### ACTION ITEM:
Determine how many lines in the entries below include "Desk". The reply should be that number and nothing else.

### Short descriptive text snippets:
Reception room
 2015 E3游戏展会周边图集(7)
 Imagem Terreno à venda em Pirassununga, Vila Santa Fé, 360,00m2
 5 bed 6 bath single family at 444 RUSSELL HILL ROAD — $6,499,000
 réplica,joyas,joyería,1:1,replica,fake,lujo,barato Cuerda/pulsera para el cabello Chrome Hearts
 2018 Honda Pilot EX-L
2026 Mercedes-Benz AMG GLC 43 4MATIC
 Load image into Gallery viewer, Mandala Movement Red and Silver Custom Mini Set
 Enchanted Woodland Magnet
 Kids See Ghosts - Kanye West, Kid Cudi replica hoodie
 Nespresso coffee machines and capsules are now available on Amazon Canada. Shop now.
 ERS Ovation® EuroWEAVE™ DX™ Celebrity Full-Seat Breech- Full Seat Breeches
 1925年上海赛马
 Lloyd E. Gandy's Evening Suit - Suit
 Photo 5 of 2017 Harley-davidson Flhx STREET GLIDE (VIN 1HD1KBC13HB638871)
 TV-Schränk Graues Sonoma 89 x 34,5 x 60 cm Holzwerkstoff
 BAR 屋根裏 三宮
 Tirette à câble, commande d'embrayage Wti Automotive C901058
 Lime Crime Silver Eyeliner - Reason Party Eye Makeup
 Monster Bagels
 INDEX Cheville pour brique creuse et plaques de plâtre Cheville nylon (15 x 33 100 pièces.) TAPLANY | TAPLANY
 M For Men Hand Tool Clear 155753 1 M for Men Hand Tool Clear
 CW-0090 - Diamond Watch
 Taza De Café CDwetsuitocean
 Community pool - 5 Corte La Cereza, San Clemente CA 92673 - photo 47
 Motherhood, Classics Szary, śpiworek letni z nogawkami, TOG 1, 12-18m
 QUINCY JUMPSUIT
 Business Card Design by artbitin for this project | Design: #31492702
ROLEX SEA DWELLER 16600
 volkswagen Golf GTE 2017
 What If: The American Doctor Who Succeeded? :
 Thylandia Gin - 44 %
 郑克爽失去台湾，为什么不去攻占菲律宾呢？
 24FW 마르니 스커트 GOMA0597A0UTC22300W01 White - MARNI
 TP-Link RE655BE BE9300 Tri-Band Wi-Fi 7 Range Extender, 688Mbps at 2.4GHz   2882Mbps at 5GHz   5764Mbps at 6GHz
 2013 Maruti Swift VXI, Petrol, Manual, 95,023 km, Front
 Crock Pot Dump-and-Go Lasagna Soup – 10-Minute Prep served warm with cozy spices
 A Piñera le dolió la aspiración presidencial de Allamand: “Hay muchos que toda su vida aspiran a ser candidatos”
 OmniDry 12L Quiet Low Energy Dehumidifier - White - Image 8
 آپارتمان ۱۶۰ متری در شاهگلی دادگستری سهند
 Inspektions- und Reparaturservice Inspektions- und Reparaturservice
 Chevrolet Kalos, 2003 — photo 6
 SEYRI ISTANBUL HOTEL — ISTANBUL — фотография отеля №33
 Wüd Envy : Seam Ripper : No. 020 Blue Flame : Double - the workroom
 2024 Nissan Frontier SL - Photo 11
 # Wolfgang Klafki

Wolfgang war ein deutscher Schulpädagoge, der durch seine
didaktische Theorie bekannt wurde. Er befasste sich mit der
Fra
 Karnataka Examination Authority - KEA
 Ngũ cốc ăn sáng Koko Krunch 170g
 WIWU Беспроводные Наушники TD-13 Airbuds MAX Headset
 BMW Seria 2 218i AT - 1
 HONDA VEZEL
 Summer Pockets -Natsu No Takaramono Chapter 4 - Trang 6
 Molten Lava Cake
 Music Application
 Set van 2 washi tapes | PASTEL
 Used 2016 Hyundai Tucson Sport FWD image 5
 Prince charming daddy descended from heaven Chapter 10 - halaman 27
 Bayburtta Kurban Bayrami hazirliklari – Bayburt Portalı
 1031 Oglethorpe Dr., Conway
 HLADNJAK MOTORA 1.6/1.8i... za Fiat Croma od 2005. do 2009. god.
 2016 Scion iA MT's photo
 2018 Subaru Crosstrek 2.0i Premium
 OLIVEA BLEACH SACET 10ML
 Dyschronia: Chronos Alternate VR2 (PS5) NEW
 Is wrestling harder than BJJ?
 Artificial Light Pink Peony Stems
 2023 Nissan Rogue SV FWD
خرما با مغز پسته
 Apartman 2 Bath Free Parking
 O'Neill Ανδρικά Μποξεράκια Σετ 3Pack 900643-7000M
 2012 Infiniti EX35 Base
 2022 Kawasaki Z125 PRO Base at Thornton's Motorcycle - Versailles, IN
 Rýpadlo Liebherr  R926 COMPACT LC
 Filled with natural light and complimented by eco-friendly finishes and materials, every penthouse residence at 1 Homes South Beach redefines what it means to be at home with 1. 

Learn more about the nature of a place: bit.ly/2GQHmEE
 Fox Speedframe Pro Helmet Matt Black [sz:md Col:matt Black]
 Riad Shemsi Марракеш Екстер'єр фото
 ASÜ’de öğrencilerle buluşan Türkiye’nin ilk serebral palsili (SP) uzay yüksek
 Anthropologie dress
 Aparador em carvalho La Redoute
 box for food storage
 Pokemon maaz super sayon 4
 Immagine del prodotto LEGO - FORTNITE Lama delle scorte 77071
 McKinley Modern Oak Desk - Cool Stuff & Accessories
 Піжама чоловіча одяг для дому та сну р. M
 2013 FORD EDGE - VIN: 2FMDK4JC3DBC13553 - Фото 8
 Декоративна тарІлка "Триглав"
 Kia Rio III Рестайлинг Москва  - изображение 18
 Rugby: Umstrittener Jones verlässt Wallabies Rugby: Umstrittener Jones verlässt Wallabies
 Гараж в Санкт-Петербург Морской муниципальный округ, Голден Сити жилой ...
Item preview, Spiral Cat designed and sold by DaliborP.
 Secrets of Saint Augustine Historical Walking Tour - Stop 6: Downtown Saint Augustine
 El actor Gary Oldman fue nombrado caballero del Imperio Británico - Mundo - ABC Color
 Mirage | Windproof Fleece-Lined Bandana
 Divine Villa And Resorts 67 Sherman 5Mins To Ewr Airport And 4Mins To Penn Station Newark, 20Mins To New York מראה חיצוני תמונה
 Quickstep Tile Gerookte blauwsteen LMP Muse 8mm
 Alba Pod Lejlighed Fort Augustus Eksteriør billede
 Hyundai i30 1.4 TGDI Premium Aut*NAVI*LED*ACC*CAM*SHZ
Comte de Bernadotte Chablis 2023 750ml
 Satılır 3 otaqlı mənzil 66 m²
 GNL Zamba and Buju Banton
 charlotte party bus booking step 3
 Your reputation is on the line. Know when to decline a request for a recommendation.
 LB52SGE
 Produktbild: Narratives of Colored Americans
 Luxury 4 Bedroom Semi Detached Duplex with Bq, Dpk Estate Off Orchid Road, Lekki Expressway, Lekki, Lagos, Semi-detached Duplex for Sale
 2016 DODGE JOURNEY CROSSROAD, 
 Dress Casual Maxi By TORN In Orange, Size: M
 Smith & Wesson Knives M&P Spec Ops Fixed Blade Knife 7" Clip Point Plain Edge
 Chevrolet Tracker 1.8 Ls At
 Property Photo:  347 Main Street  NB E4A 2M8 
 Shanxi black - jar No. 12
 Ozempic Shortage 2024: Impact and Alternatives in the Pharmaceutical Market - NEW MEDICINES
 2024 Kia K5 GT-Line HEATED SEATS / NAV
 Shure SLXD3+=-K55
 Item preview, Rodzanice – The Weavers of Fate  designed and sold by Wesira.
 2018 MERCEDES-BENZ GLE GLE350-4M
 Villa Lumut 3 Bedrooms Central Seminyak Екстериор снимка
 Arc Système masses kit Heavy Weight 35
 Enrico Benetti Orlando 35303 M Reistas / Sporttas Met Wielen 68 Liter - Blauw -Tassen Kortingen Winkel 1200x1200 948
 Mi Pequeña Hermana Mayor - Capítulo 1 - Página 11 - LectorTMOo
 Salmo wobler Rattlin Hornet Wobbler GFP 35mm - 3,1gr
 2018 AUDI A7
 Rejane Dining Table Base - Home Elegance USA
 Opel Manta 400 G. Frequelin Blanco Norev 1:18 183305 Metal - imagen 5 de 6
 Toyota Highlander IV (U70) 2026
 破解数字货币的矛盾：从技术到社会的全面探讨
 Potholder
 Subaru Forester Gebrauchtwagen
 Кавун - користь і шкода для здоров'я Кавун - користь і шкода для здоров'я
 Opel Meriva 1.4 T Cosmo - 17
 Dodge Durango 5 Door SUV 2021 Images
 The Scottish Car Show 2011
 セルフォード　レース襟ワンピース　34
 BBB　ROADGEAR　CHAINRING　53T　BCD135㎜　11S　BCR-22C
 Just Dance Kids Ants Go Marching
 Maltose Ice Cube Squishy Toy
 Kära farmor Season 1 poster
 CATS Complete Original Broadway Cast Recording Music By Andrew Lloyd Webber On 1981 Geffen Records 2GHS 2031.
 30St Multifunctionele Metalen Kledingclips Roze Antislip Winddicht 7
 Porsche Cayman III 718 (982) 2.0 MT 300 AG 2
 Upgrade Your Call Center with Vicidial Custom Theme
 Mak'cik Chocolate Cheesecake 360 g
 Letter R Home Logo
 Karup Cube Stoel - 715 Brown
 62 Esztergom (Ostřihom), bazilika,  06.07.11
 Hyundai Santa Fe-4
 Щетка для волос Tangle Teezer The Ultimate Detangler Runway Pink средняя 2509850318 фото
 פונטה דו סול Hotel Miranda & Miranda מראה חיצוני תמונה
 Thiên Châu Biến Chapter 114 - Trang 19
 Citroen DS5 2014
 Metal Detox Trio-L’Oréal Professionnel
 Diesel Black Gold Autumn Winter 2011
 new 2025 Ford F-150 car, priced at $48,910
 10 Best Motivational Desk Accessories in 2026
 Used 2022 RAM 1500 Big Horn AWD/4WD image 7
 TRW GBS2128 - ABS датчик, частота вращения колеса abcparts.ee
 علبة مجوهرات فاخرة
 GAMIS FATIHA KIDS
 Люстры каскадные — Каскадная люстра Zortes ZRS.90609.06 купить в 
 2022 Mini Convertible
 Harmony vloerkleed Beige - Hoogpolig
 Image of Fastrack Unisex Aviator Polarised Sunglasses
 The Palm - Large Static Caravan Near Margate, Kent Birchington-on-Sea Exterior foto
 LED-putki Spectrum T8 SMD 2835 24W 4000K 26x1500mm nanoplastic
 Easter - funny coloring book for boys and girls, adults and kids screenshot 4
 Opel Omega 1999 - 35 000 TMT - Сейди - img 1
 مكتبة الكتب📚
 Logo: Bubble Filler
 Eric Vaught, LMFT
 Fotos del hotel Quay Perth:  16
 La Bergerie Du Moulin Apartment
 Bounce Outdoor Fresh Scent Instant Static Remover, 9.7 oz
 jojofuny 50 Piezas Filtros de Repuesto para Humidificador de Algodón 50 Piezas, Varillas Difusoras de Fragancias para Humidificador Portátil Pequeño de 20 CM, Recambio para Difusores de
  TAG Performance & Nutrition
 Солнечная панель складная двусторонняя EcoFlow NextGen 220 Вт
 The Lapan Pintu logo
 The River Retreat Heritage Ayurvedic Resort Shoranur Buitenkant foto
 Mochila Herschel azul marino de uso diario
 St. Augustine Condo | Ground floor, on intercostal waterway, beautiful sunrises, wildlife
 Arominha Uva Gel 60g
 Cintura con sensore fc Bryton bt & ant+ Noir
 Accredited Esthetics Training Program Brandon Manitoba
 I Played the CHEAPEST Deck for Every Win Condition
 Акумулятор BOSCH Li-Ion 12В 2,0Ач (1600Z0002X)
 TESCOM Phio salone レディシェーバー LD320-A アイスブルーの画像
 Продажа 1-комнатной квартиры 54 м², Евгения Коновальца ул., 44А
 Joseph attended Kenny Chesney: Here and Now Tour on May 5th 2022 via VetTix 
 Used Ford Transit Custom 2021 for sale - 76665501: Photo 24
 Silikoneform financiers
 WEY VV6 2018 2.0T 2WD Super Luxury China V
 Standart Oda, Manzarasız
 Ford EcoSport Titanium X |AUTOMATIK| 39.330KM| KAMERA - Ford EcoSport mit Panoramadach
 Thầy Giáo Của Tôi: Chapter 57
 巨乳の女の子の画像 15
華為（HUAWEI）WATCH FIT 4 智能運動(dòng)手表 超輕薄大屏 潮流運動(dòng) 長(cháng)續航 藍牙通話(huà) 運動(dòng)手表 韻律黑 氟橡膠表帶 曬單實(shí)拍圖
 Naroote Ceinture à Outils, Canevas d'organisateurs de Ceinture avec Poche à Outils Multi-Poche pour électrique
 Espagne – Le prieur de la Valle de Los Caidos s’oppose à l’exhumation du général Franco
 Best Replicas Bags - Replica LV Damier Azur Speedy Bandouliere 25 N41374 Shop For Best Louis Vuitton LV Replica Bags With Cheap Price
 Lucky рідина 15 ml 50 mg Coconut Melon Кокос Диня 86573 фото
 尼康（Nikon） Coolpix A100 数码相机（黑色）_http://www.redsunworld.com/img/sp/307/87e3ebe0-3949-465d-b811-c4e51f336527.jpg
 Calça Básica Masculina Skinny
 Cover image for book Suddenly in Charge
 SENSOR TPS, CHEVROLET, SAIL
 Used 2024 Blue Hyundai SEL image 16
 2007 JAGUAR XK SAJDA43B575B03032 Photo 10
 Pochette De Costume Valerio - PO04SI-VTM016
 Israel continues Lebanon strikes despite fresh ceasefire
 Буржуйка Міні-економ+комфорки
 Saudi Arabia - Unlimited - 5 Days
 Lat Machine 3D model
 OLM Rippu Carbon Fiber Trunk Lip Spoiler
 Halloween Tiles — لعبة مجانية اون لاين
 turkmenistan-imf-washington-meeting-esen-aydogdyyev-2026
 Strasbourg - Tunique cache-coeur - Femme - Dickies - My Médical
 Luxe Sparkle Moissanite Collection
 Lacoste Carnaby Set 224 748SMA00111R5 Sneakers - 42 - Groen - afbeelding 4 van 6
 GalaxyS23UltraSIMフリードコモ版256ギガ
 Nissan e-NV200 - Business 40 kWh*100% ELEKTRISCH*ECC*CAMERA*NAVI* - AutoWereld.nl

### SOLUTION TO THE PROBLEM:
2